Consumption controls. Even when contracts are written using strong utilization and consumption control terms, costly errors can occur. For example, the standard dose of the orthobiologic Infuse™ used by most surgeons in lumbar procedures is "medium," which costs about $3,000. Yet some sales reps provide hospitals with a "large" ($5,500) dosage, resulting in waste on a grand scale: Hospitals lose thousands of dollars every time the wrong dosage size is consumed. Again, hospitals should manage their own inventory to control consumption.
Another consumption control is to specify that only four explants or other waste will be paid for at 50 percent off list price per month per surgeon. Any additional waste should incur no charge to the hospital. Terms such as these can protect price, utilization, and consumption. Manufacturers may disagree with these terms, which put them at a disadvantage. However, the terms remind all parties that while limited waste is acceptable, if excessive waste occurs, both the surgeon and the sales rep will be held responsible.

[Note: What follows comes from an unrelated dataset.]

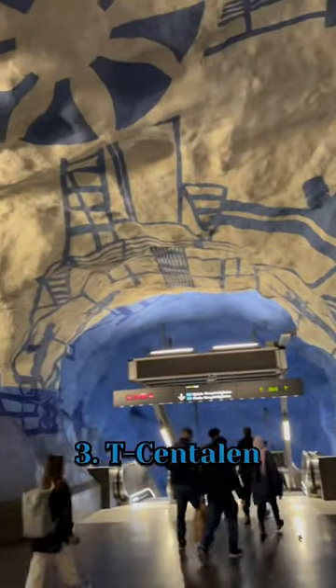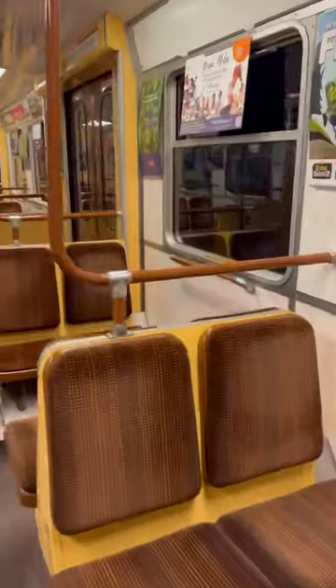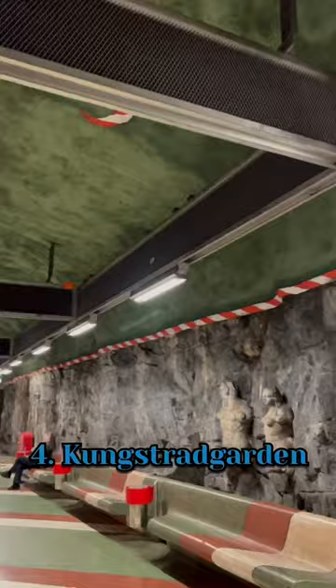Then we transferred to the blue line at Decentral station to see the very first decorated subway station in Stockholm. We only traveled one stop to our final location, Kungsstradgården station, which is one of the most beautiful subway stations in Stockholm.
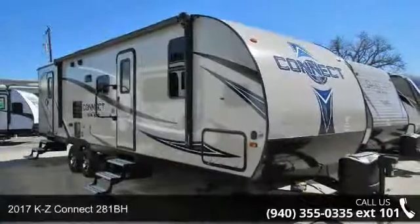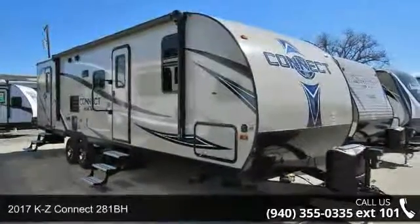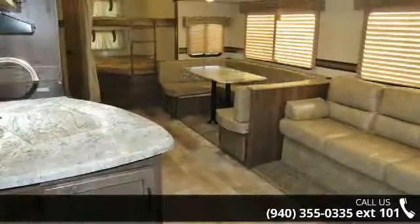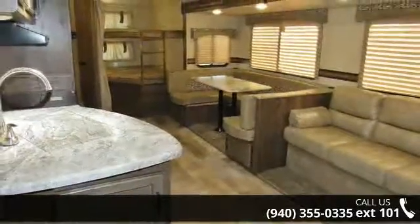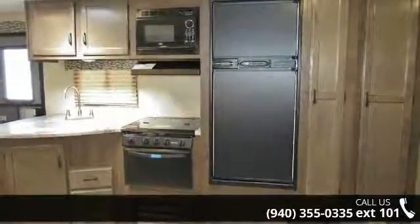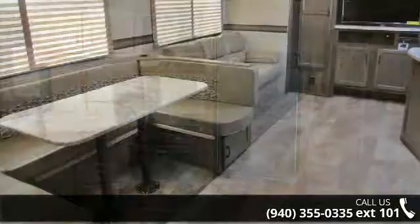Begin an adventure with this 2017 KZ Connect 281BH. If you are looking for an RV with quality construction and ease of towing, this may be the one. Perfect for vacationing, adventuring or just relaxing, this travel trailer awaits you.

Developing a System of Controls
Hospital purchasing contracts with supply vendors are important, but a contract represents only the beginning of an ongoing, long-term process to develop a verifiable system of controls. The savings achieved by contract controls (as well as by regular audits and corrections when discrepancies are found) are substantial and well worth the effort required by the organization and its senior finance leaders.